Carbon Dissolution in Reduced Silicate and Alloy Melts – a Frontier for Understanding Evolution of Terrestrial Planets
Abstract:C-O-H-S-N volatile elements sequestration in and release from silicate and metallic melts are key in controlling the planet scale distribution of these elements and thus are critical for thermo-chemical and dynamic evolution of terrestrial planets. To understand the distribution of carbon during accretion, core formation, magma ocean crystallization, and ongoing evolution of reduced mantles domains such as those of Mars, the Moon, and deep Earth, carbon chemistry in reduced silicates and alloys must be constrained, but currently are poorly known.
Here we summarize recent experimental efforts to (1) constrain the speciation and solubility of carbon in graphite-saturated natural mafic melts at fO2 below IW buffer and (2) C solubility in Fe-Ni-rich alloy melts. Quenched glasses and alloys generated to 8 GPa and 2200 °C are analyzed using a combination of electron and ion microprobe, FTIR, and Raman spectroscopy.
Dissolved carbonates and bulk C solubility (<200 ppm) of graphite-saturated silicate glasses are observed to increase with decreasing pressure and increasing temperature, melt depolymerization index (e.g., NBO/T), and fO2 from ~IW-1.5 to IW [1,2]. Over the range in fO2, melt H2O content also mildly enhances carbonate dissolution, likely in part owing to the depolymerizing effect of H2O in the melt.

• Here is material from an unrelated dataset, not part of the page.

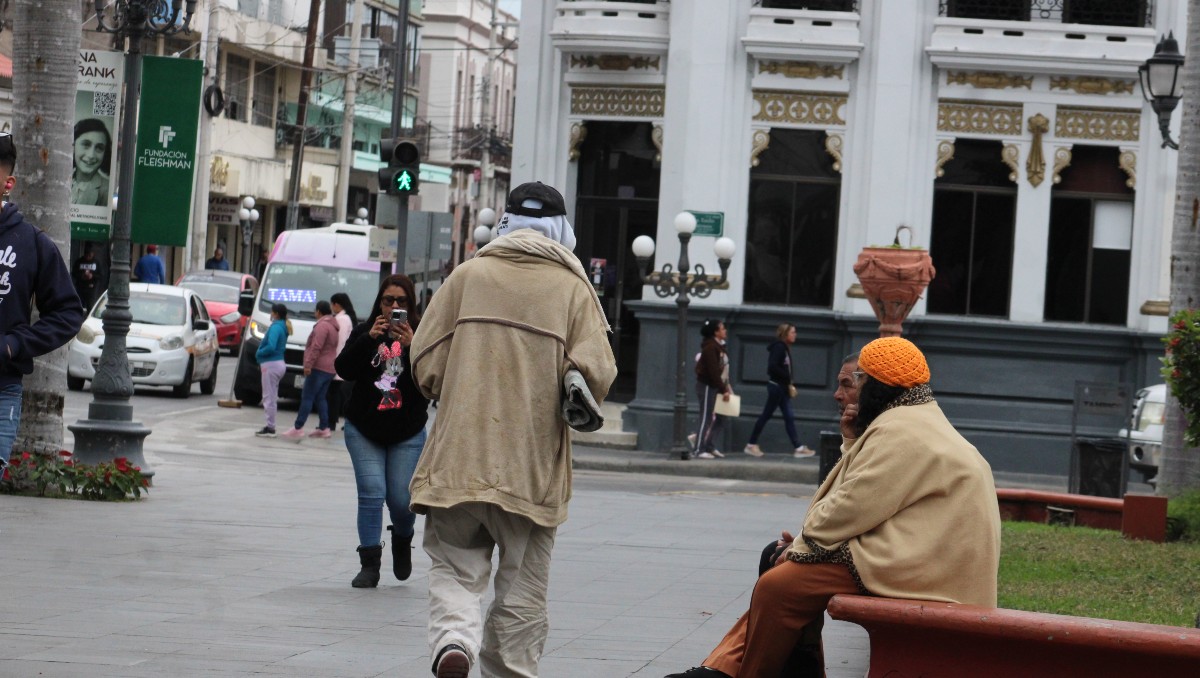 Hay personas de la calle que se vuelven agresivas de manera sorpresiva contra transeúntes. (Yazmín Sánchez)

At fO2>IW-1.5, dissolved C is a mixture of carbonates and other species, but below ~IW-1.5 the carbonate doublet is undetectable in IR spectra, with Raman spectra indicating the dominant species being methane or other methyl groups. In addition, with diminishing fO2 from IW-2 to IW-5, C solubility trend reverses, i.e., it increases with decreasing fO2 and also shows a much stronger dependence on melt H content , consistent with the enhanced solubility of methane in silicate melt with decreasing fO2 and increasing with square of fH2. However, Fe-Ni-rich alloy melts have high C solubility (~0.7-7 wt.%) that diminishes mostly with increasing Ni, Si, and S contents.
These results have important implications for origin, distribution, and storage of carbon in the planetary interiors as well as chemistry of early atmosphere and will be discussed.